Improved limits on sterile neutrino dark matter from full-sky observations by the Fermi-GBM

TL;DR

This study uses Fermi-GBM data to search for sterile neutrino decay lines in the 10-25 keV range, setting new constraints on sterile neutrino properties and surpassing previous limits.

Contribution

First application of Fermi-GBM for sterile neutrino decay line search in 10-25 keV range, providing improved limits on sterile neutrino mixing angles.

Findings

No significant decay lines detected.

Set new upper limits on sterile neutrino mixing angles.

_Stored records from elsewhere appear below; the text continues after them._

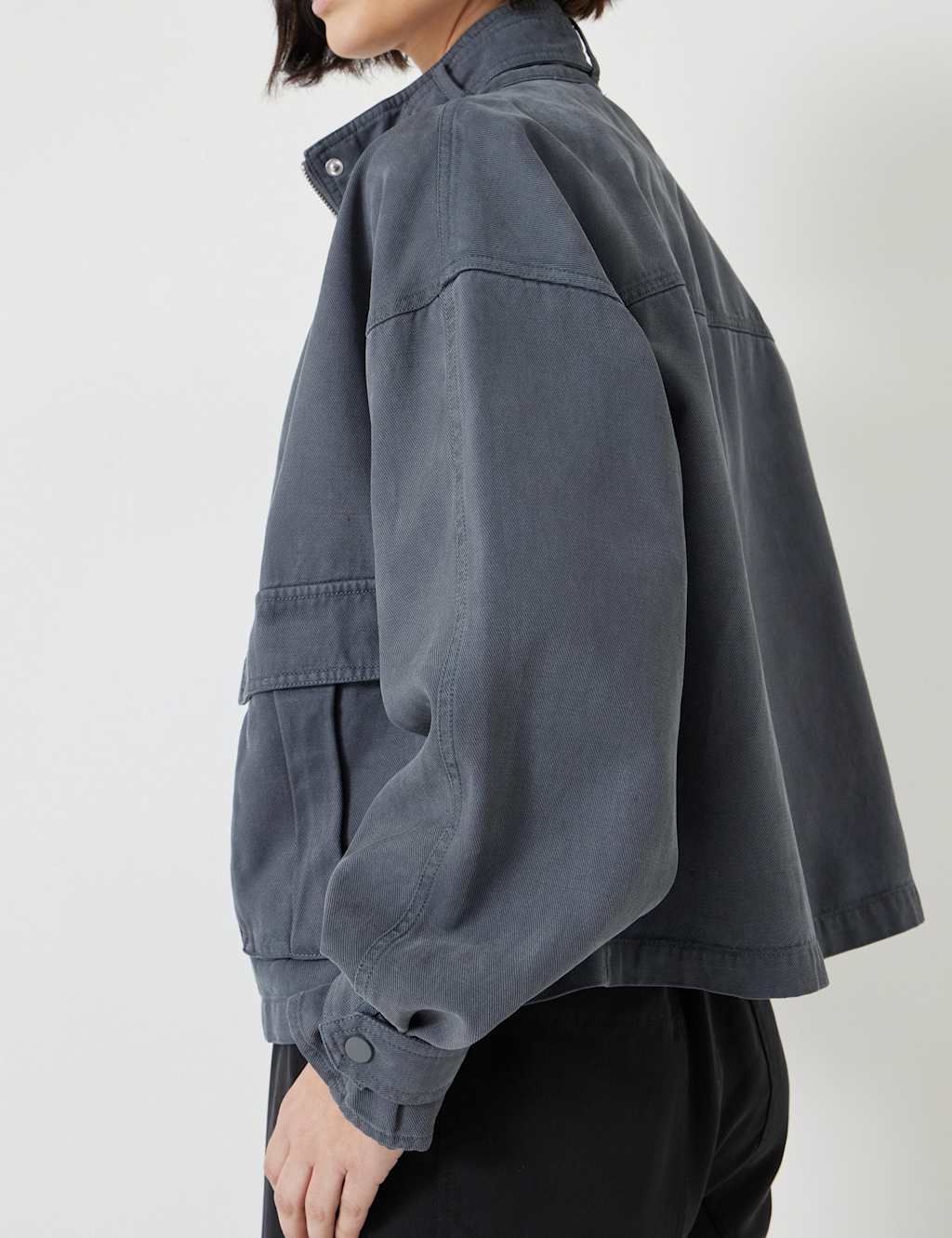 Cotton Blend Relaxed Utility Jacket 4 of 6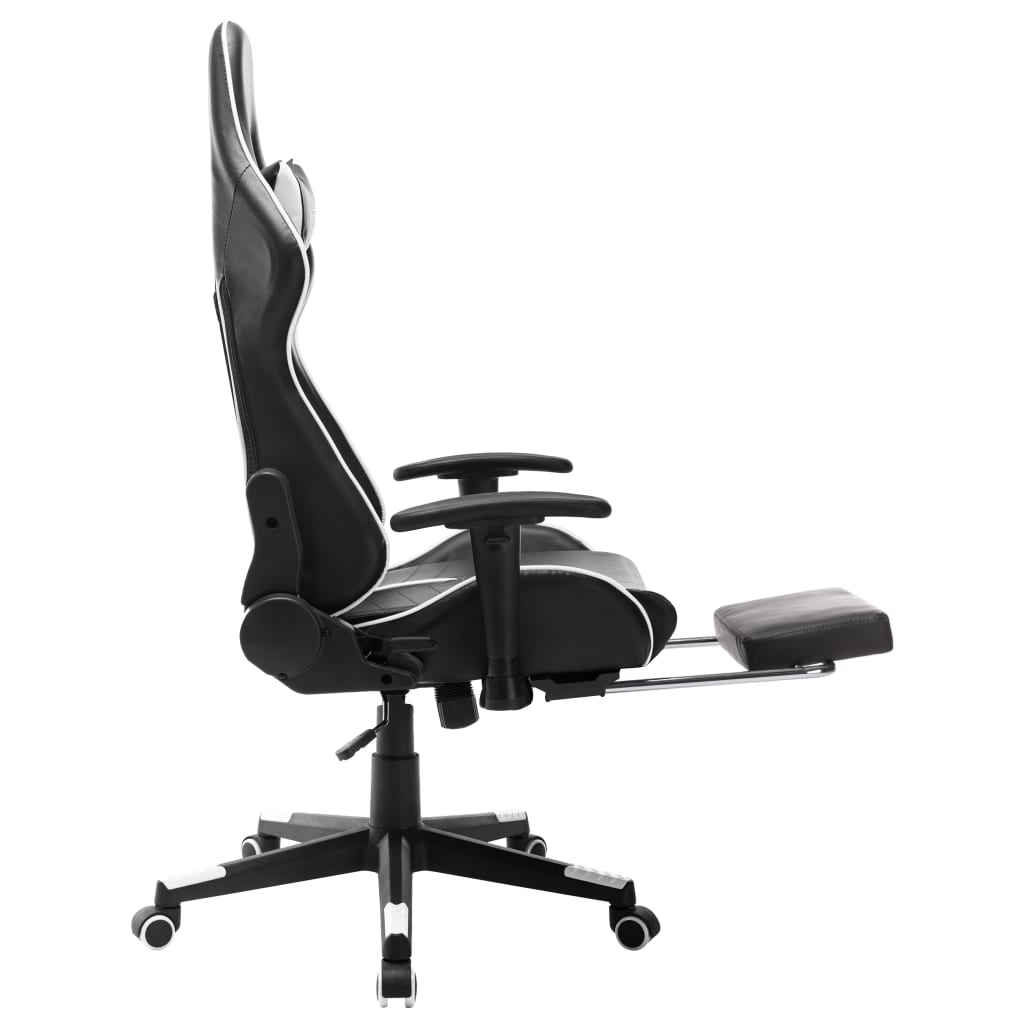 vidaXL fekete és fehér műbőr gamer szék lábtámasszal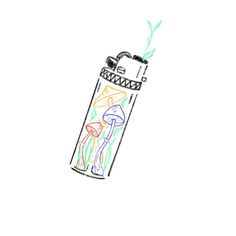 a drawing of a water bottle with mushrooms in it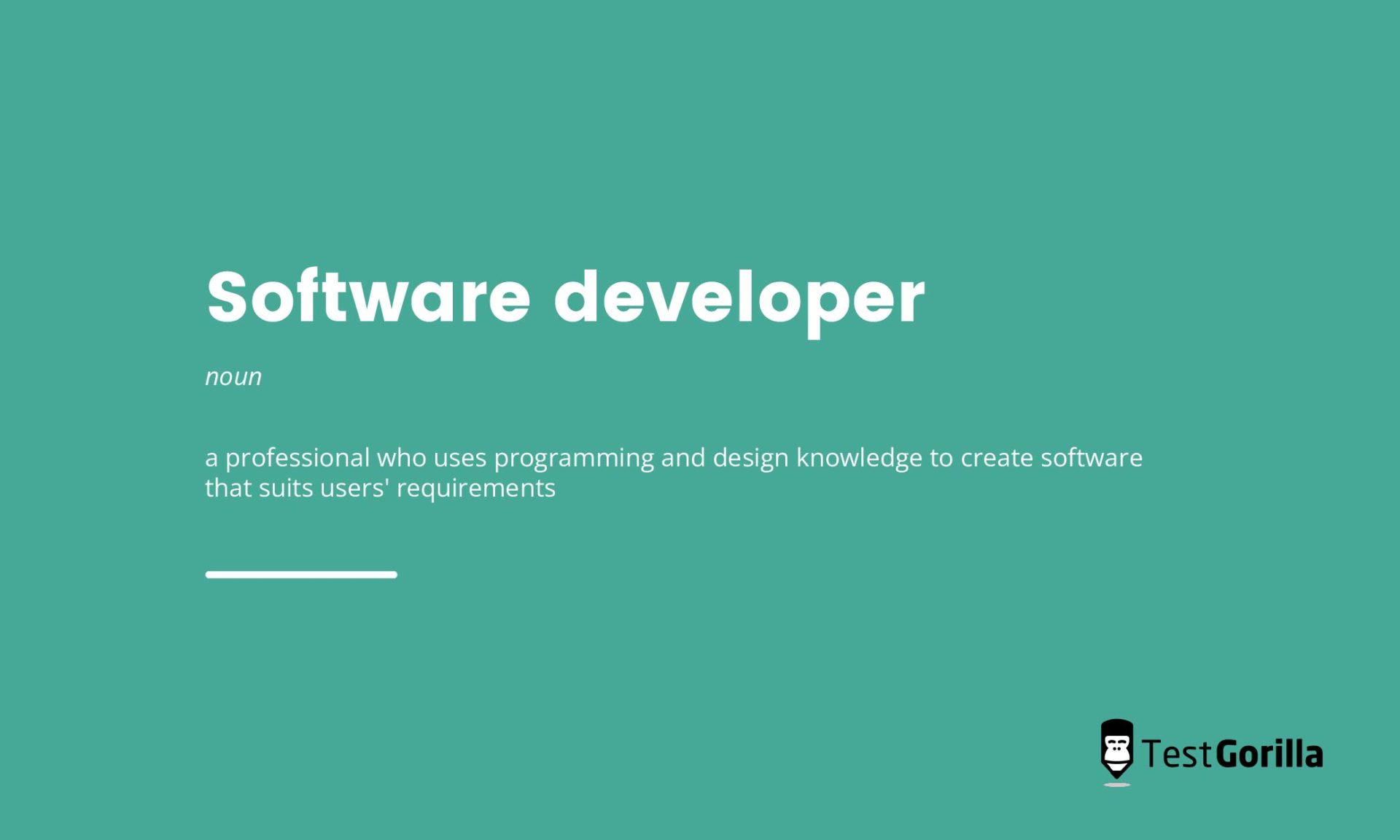 image showing definition of software developer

Demonstrated GBM's capability for dark matter searches.

Abstract

For the first time, we use the Gamma-ray Burst Monitor (GBM) on-board the Fermi satellite to search for sterile neutrino decay lines in the energy range 10-25 keV corresponding to sterile neutrino mass range 20-50 keV. This energy range has been out of reach of traditional X-ray satellites such as Chandra, Suzaku, XMM-Newton, and gamma-ray satellites such as INTEGRAL. Furthermore, the extremely wide field of view of the GBM opens a large fraction of the Milky Way dark matter halo to be probed. We start with 1601 days worth of GBM data, implement stringent data cuts, and perform two simple line search analyses on the reduced data: in the first, the line flux is limited without background modeling, and in the second, the background is modeled as a power-law. We find no significant excess lines in both our searches. We set new limits on sterile neutrino mixing angles, improving on previous limits by approximately an order of magnitude. Better understanding of detector and astrophysical backgrounds, as well as detector response, can further improve the limit.